Your assignment
Please return only the lines from the one with "TIPS PARA MEJORAR" through the final line of the data, unchanged, with pictures omitted.

Data excerpt
·····

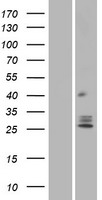 TMEM129 Human Over-expression Lysate
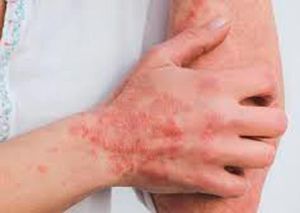 TIPS PARA MEJORAR LA CALIDAD DE VIDA | LA SARNA 1 - Una gran parte de los parásitos cutáneos son diminutos insectos o gusanos que se esconden dentro de la piel, haciendo de ella su hábitat natural. Algunos de estos parásitos viven...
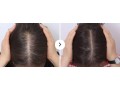 best-hairloss-treatment-dallas-small-0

·····

Written reply
 TIPS PARA MEJORAR LA CALIDAD DE VIDA | LA SARNA 1 - Una gran parte de los parásitos cutáneos son diminutos insectos o gusanos que se esconden dentro de la piel, haciendo de ella su hábitat natural. Algunos de estos parásitos viven...
 best-hairloss-treatment-dallas-small-0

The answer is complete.